Appalti

L’ispettore dei bus non può multare in tutta la città

Gli ispettori delle aziende di trasporto pubblico non possono essere utilizzati come ausiliari della sosta: la loro competenza nell’accertamento delle violazioni è limitata a quelle commesse da chi lascia un veicolo fermo su una corsia riservata ai mezzi pubblici. Lo ha ribadito la Cassazione con la sentenza 3494/2019, depositata il 6 febbraio scorso, che sposta l’ago della bilancia giurisprudenziale su una questione che da vent’anni è controversa. Lo dimostra il fatto che molti Comuni continuano ad adottare la prassi che invece allarga i poteri degli ispettori.

L’importanza di questa sentenza sta nel fatto che la si può quasi considerare come se fosse stata emessa dalle Sezioni unite: durante la discussione della causa, alla richiesta di rimettere a esse la questione avanzata dal ricorrente (un avvocato di Torino, Marco Biava, che è stato in giudizio in proprio), il Procuratore generale della Cassazione si è detto d’accordo. La Seconda sezione civile ha ritenuto che ciò non fosse necessario, in quanto il contrasto nella giurisprudenza di legittimità era circoscritto alle proprie pronunce. Dunque, si può affermare che la Cassazione abbia risolto le incertezze scegliendo l’indirizzo più favorevole ai guidatori.

La questione nasce dal fatto che 22 anni fa la legge Bassanini (la 127/1997), istituendo la figura degli ausiliari, previde (all’articolo 17) due fattispecie: quella degli accertatori appositamente abilitati e nominati che dipendono dai Comuni o dalle società di gestione dei parcheggi a pagamento (comma 132) e quelli che invece espletano funzioni ispettive per le aziende di trasporto pubblico locale (comma 133).

Quest’ultimo comma stabilisce sicuramente che il compito degli ispettori riguarda la sosta e/o la circolazione nelle corsie riservate ai mezzi pubblici. La norma non esclude espressamente che abbiano competenze sul resto delle strade urbane e ciò è stato utilizzato da molti Comuni, soprattutto grandi, per impiegare in modo flessibile il personale proprio e delle proprie controllate.

La giurisprudenza di merito e quella di legittimità avevano a lungo oscillato, ma tre anni fa la Cassazione aveva aperto la strada a una soluzione: la sentenza 2973/2016 aveva osservato che l’orientamento favorevole all’allargamento delle competenze si basava su vecchie pronunce che però riguardavano fattispecie diverse (si veda Il Sole 24 Ore del 3 aprile 2018). Ora la questione viene chiusa confermando quanto stabilito proprio dalla sentenza 2973/2016.
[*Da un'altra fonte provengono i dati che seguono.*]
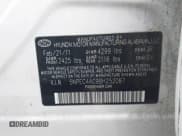 ✅ 2011 Hyundai Sonata SE • VIN: 5NPEC4AC9BH252087 • Лот: 43682411. Опубликован ранее на IAAI с пробегом 128 290 миль. Бесплатный доступ к архиву аукционных продаж из США и подробный отчёт об истории автомобиля на DreamBid. Изображение 9.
Come di consueto nelle questioni controverse, anche nella sentenza depositata il 6 febbraio la Cassazione ha deciso di compensare le spese di lite. Il ricorrente, però, evidenzia che in questo caso il contrasto poteva anche ritenersi risolto e che spesso i corpi di polizia continuano a sanzionare i cittadini in modo palesemente illegittimo e che i giudici compensano le spese anche su questioni giuridicamente non complesse. Per questo presenta appello anche contro le pronunce a lui favorevoli che però compensano le spese e segnala che in un caso gli è stata data ragione (sentenza 49/2018 del Giudice di pace di Torino).